No es que hubieran escaseado otras figuras dignas de competir con el señor Hudson por la atención del público en la FIL. Aunque las ausencias sensibles menudearon este año (a las de Mario Vargas Llosa y Carlos Fuentes fueron sumándose las de José Balza, Fernando Arrabal y José Agustín, y éstas aparte de las de los muertos que ya sabíamos: Carlos Monsiváis, Tomás Eloy Martínez, José Saramago, otrora infaltables), lo cierto es que hubo presencias llamativas, cómo no —y otra cosa es que esas presencias fueran, por ejemplo, la reportera papal Valentina Alazraki, un hijo de Christian Bach y Humberto Zurita que se desplazaba entre hordas de chamacas ensordecedoras, el ya mencionado Verdaguer promocionando un libro de L. Ron Hubbard, la actriz Consuelo Duval (famosa, parece, por hacer de patiño de Eugenio Derbez), etcétera.

A punto de alcanzar el cuarto de siglo, resulta evidente que la Feria Internacional del Libro de Guadalajara confía en que han de llenarla, infaliblemente, las estrategias mercadotécnicas de las editoriales que traen a estas figuras y otras parecidas: celebridades, principalmente del mundo del espectáculo, pero también de otros ámbitos, a las que se vuelve irresistible ver de cerca. Los cineastas Guillermo del Toro y Guillermo Arriaga, la golfista Lorena Ochoa, o bien políticos como Cuauhtémoc Cárdenas y Porfirio Muñoz Ledo, por no hablar de los consabidos moneros Trino y Jis, o autores como la estadounidense Tonya Hurley, firmante de un libro llamado Ghostgirl (y sus secuelas), que ha causado furor entre multitudes de adolescentes por todo el mundo. Y no es que esté mal, qué va: a fin de cuentas las editoriales tienen que vender lo suyo. El problema es cuando se vuelve tan arduo encontrar, entre el vastísimo programa de actividades, algo distinto de eso y que no parezca una reedición de cosas vistas en años anteriores.

Es cierto que lo que más importa de la FIL, por lo menos a sus organizadores, es su función como escenario para los negocios que vienen a hacer editores, agentes, libreros, traductores, bibliotecarios y demás fauna variopinta del ramo en Iberoamérica.

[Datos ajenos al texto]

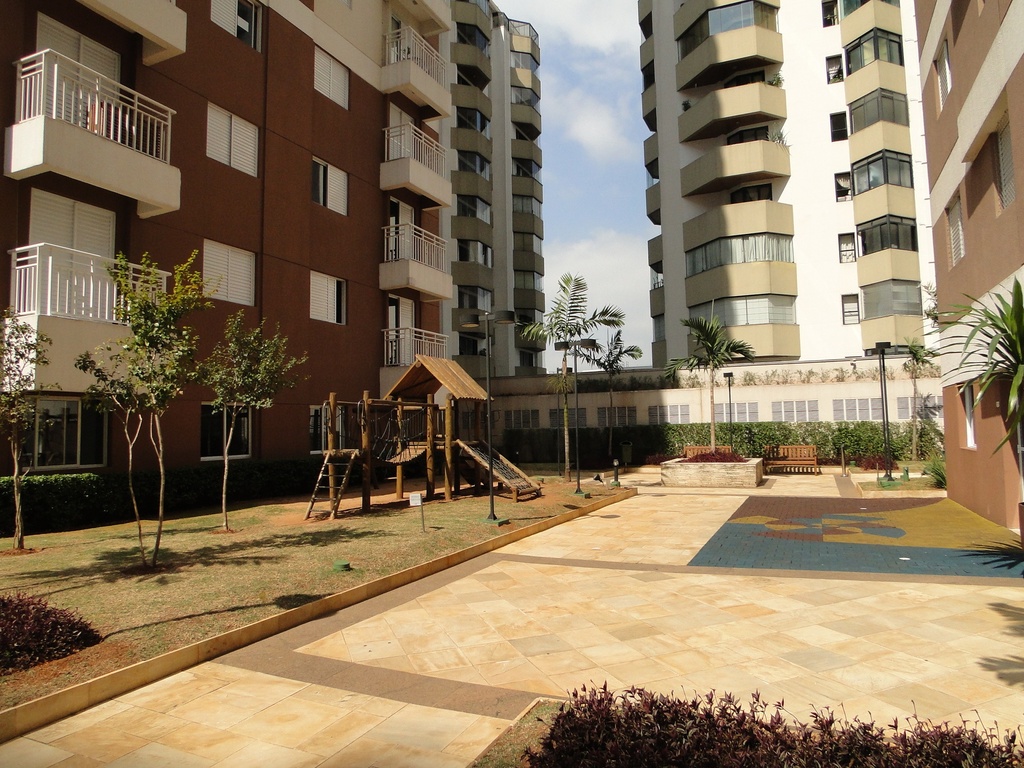 Condominio Alpha Style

Ha sido una circunstancia afortunada —pero secundaria al fin— que paralelamente se haya constituido como un festival cultural en el que tienen cabida numerosos programas y foros de muy variada naturaleza, y no hay que dejar de reconocer cómo la feria ha crecido en determinados aspectos según esa orientación: lo que ocurre año con año en FIL Niños, por ejemplo: un verdadero espacio de formación de nuevos lectores, y un territorio entrañable durante los nueve días en que ahí tienen lugar talleres y espectáculos irreprochables y emocionantes para cualquiera, niño o no, que se asome a ellos. Sin embargo, en su modo de entenderse a sí misma como un festival cultural, la FIL es en cierto modo una maqueta de lo que ocurre a nivel nacional, donde prevalecen y hasta se fomentan ciertos malentendidos, según uno de los cuales, por ejemplo, solo determinados escritores —y otros que sobrevuelan en torno a ellos— detentan la expresión identitaria de la literatura mexicana, o bien se prefiere enfocar (pues, al fin, el tiempo de exposición en la feria es limitado) sobre aquellos que gozan de más notoriedad por razones comerciales, y no por su peso específico en la edificación de la tradición.

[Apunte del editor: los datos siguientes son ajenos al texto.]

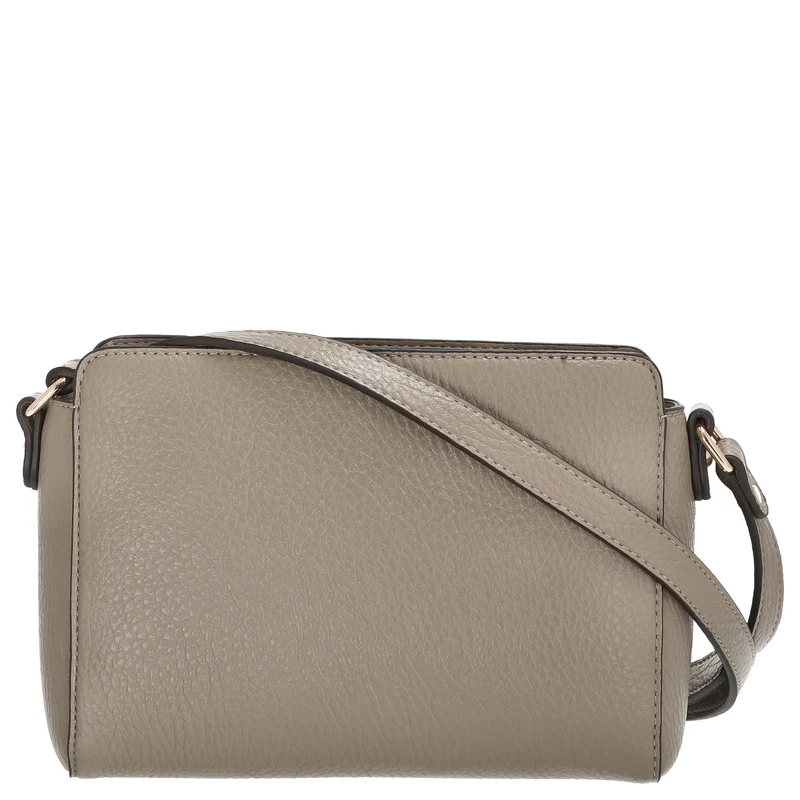 Liu Jo Manh - Umhängetasche S (desert taupe)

Desde luego: la marcha de la FIL solo puede medirse por las cuentas que salen al final de cada edición: 471 presentaciones de libros esta vez, más de 500 autores, 49 foros literarios y encuentros de toda índole (uno fue «El campo charro y la cultura del toro»), mil 928 editoriales con 375 mil títulos a la venta… Pero esas cifras, que tan satisfechos dejan a los organizadores y a los funcionarios, incluidos los de Castilla y León, de poco sirven más que para subrayar la importancia que la feria ha adquirido para el mundo editorial iberoamericano. Al público en general esa información más bien lo tendrá sin cuidado, y antes juzgará por la diversidad del programa (habitado por un puñado de invariables: este año Benito Taibo estuvo en diez presentaciones; su hermano Paco Ignacio en otras tantas; Jorge F. Hernández en siete, Ignacio Padilla en diez, el monero Trino al menos en seis…), por lo bien o mal que le vaya comprando libros —carísimos, difíciles de hallar— y por lo que haya conseguido divertirse en un taller o viendo payasitos, o en los conciertos de la explanada… O encontrándose con las estrellas de la tele, que han venido a presentar un libro.

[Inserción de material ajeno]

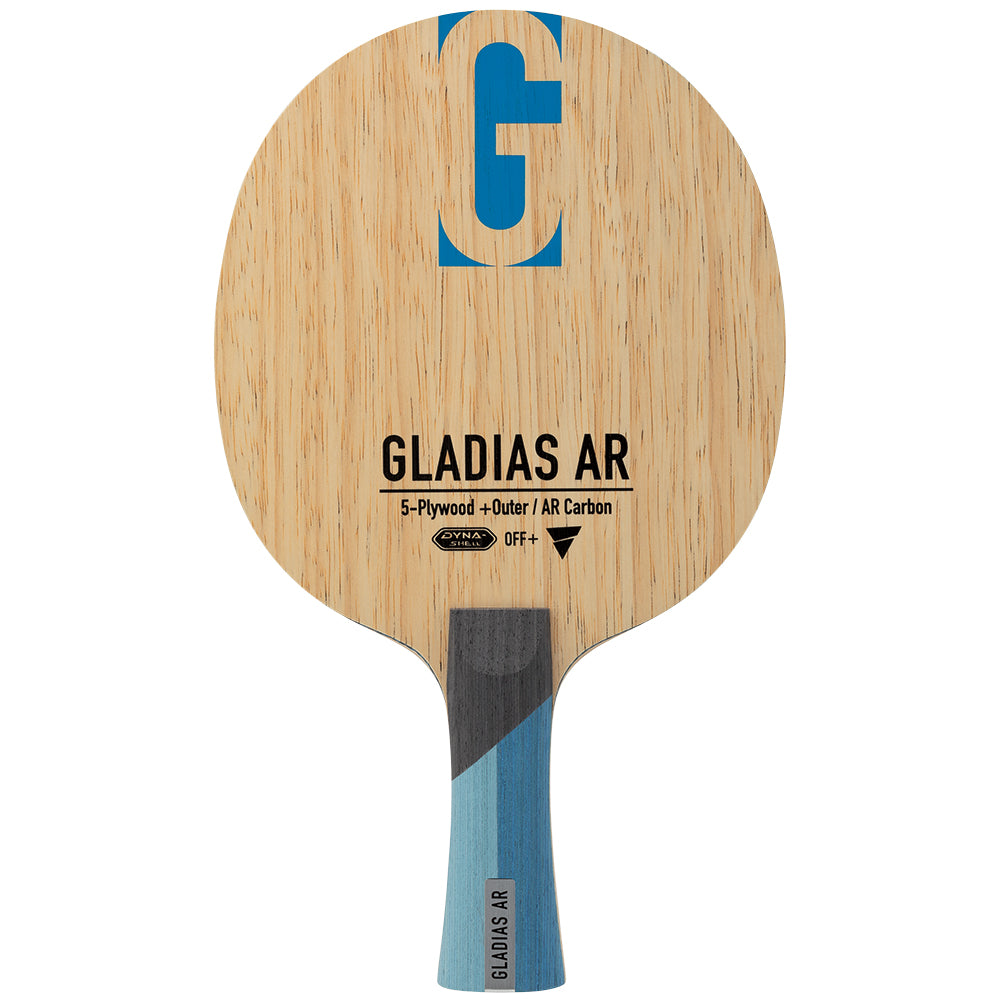 Victas Gladias AR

Para su vigésima quinta edición, la FIL tendrá de Invitado de Honor a Alemania. Será una ocasión óptima para que la feria comience a reinventarse, y es de esperarse que los alemanes lo faciliten: su presencia dependerá, en buena medida, de la Feria del Libro de Fráncfort, a la que la de Guadalajara ha ido aprendiéndole mucho a lo largo de este cuarto de siglo. Además, mientras la visita de Castilla y León estuvo enmarcada en una idea de reencuentro con el pasado, a partir de la caracterización de esa región como “Cuna del español” —el lema adoptado y el tema sobre el que se trazó su programa—, Alemania ya ha dado muestras de querer venir a Guadalajara para ocuparse aquí del futuro: en la ceremonia de “cambio de estafeta” que tuvo lugar entre el Invitado de Honor saliente y el entrante, el escritor bosnio-alemán Saša Stanišić dijo en su discurso: “A ustedes, cuando piensan en literatura alemana, seguramente se les ocurren nombres prominentes de la gloriosa historia de la literatura. Pero los tengo que decepcionar: mi cuate Goethe no va a poder venir el año entrante a Guadalajara. Me acaba de mandar un mensajito por celular, aquí lo tengo…”.

Entre lo más perdurable de lo que queda de este año estará el recuerdo de la reunión que tuvieron en la FIL las 22 academias que rigen el idioma español en el mundo, memorable sobre todo porque aquí vinieron a precisar las nuevas disposiciones ortográficas que habían urdido unas semanas atrás, en San Millán de la Cogolla; la presencia de Jean-Marie-Gustave Le Clézio, el único Nobel en una feria que ha reunido a otros varios de un jalón en otros tiempos; el primer acto dedicado a la recordación de Octavio Paz que ha habido en la historia de la FIL; las presentaciones que tuvo el poeta Antonio Gamoneda… Y, desde luego, lo que cada asistente, en la profusión ingente de actividades, haya sido capaz de disfrutar.